─── Stored data ───

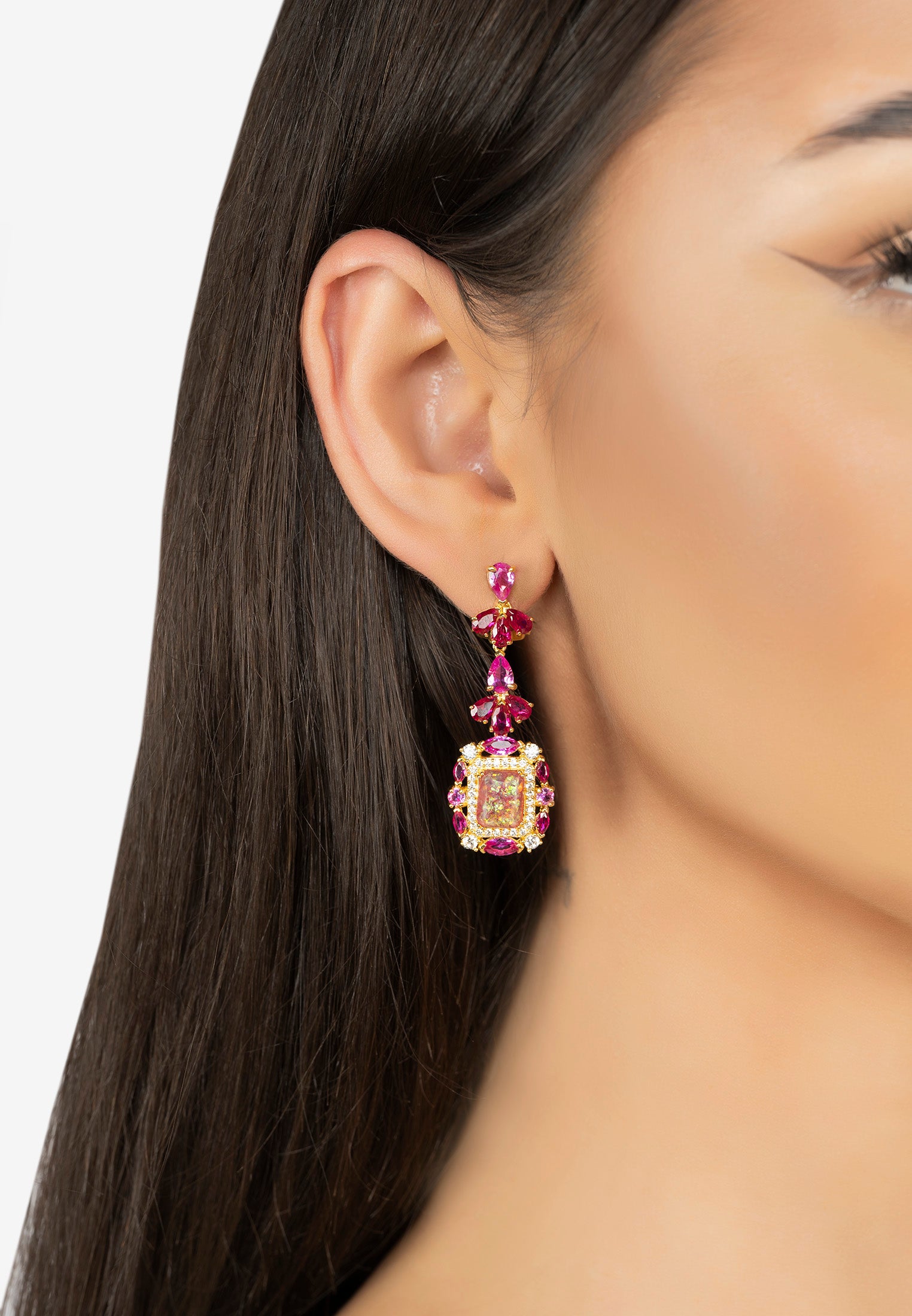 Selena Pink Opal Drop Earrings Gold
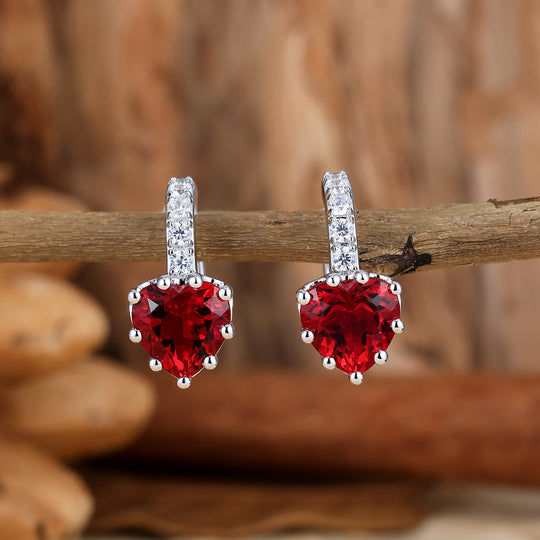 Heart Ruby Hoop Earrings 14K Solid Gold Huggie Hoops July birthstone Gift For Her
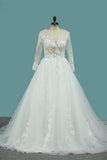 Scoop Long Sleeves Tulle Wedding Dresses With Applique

───

* What you will do *
The data must come back word for word, with every picture removed.

* Written answer *
 Selena Pink Opal Drop Earrings Gold
 Heart Ruby Hoop Earrings 14K Solid Gold Huggie Hoops July birthstone Gift For Her
 Scoop Long Sleeves Tulle Wedding Dresses With Applique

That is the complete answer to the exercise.